All lines from the one containing "Adidas Ultra Wipe." through the end of the material below are to be printed exactly, both ends included, minus pictures.

(Input data)
★ ★ ★
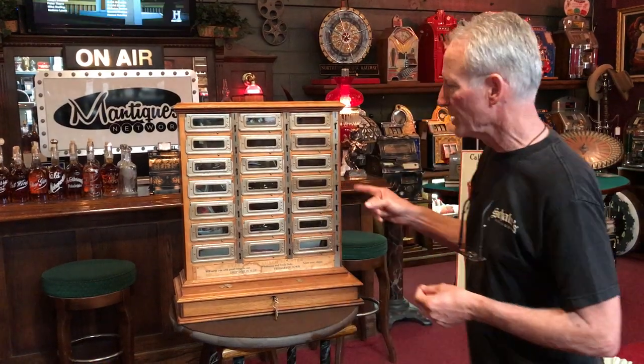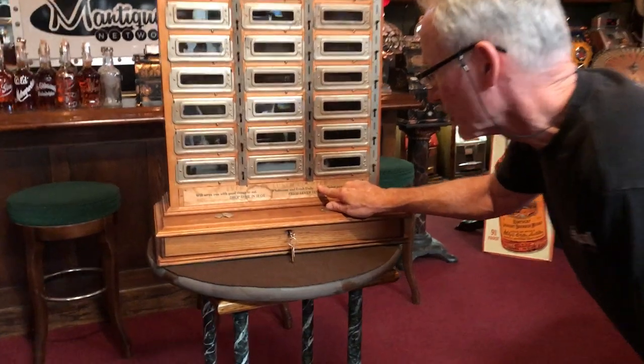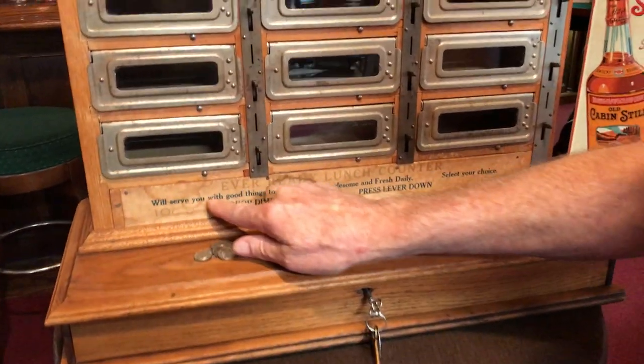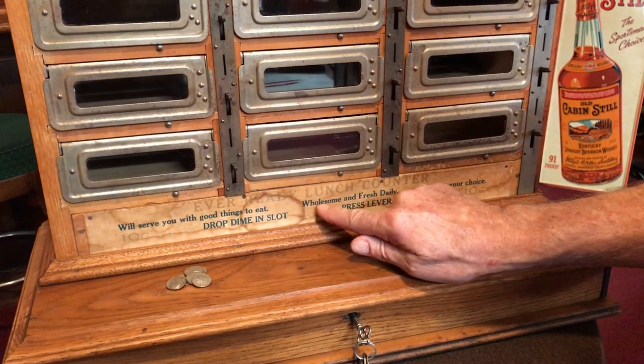Hey folks, how you doing today? This just came out of service detail — this is a 1940s Ever Ready lunch counter. Ironically, somebody out there had contacted me maybe six or eight months ago and asked if I had a coin-operated sandwich dispenser. At that time I didn't, had no clue when I'd get one, but somehow magically I was able to get one. What it says here is: Ever Ready Lunch Counter — will serve you with good things to eat. Drop diamond in slot, wholesome and fresh daily.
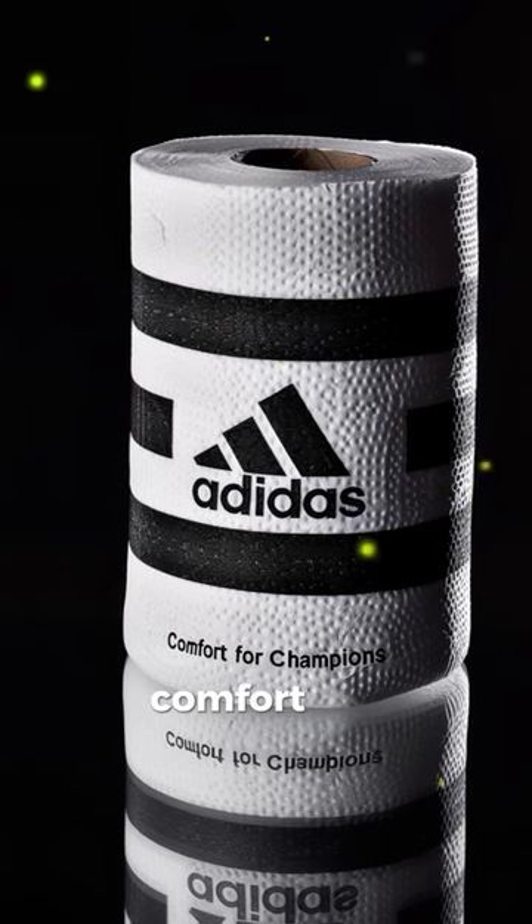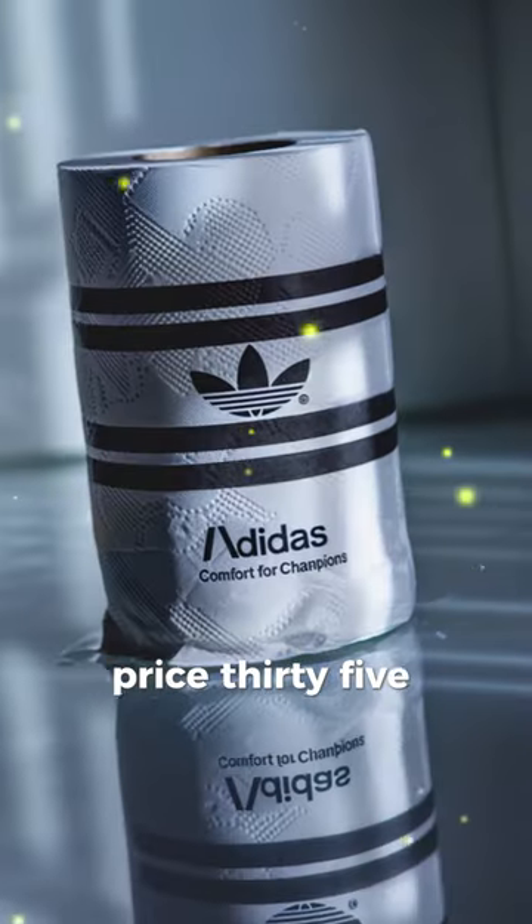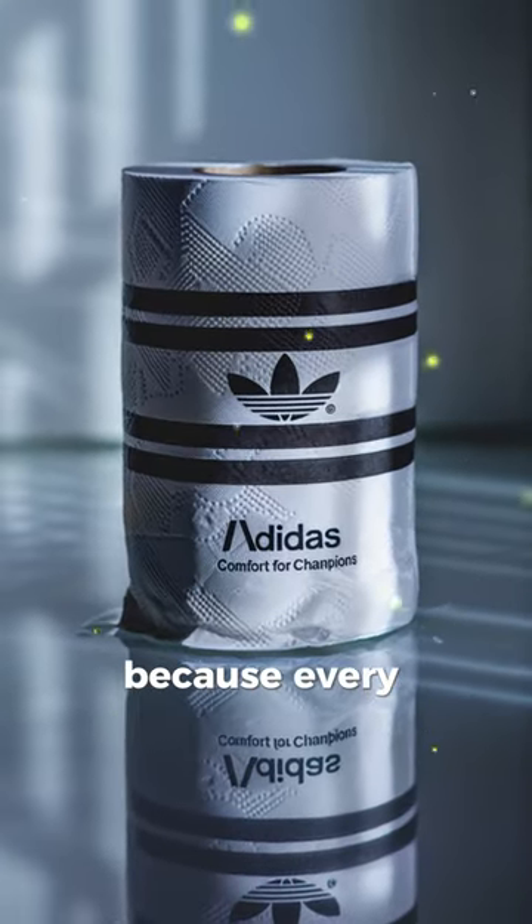Adidas Ultra Wipe. Comfort for Champions. $35.00. Because every athlete deserves a winning wipe.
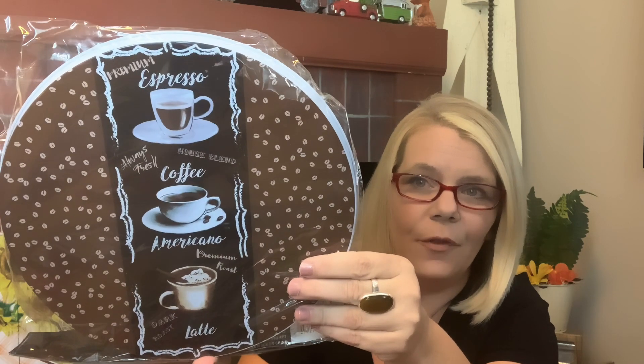Something I have not seen at Dollar Tree in forever — not in my Dollar Trees anyway — are stove top burners. These are excellent for making DIY trays and other projects. I needed the small ones — you get a two-piece set. I'm going to end up painting over these with chalk paint, so it doesn't matter what they look like. This is the espresso one; it says 'espresso,' 'coffee,' 'americana,' and 'latte' on it.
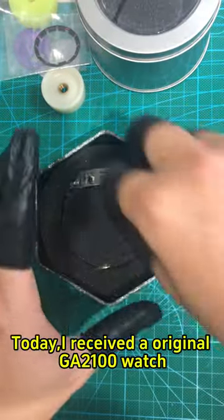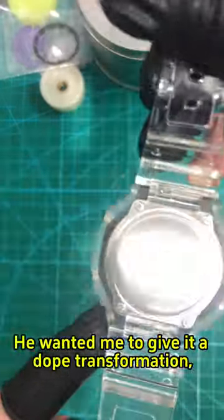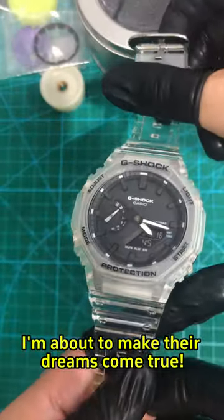Today, I received the original GA-2100 watch from one of my awesome followers. He wanted me to give it a dope transformation, just like the pic they sent me. I'm about to make their dreams come true.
★ ★ ★
(Solution to the exercise)
Adidas Ultra Wipe. Comfort for Champions. $35.00. Because every athlete deserves a winning wipe.
Something I have not seen at Dollar Tree in forever — not in my Dollar Trees anyway — are stove top burners. These are excellent for making DIY trays and other projects. I needed the small ones — you get a two-piece set. I'm going to end up painting over these with chalk paint, so it doesn't matter what they look like. This is the espresso one; it says 'espresso,' 'coffee,' 'americana,' and 'latte' on it.
Today, I received the original GA-2100 watch from one of my awesome followers. He wanted me to give it a dope transformation, just like the pic they sent me. I'm about to make their dreams come true.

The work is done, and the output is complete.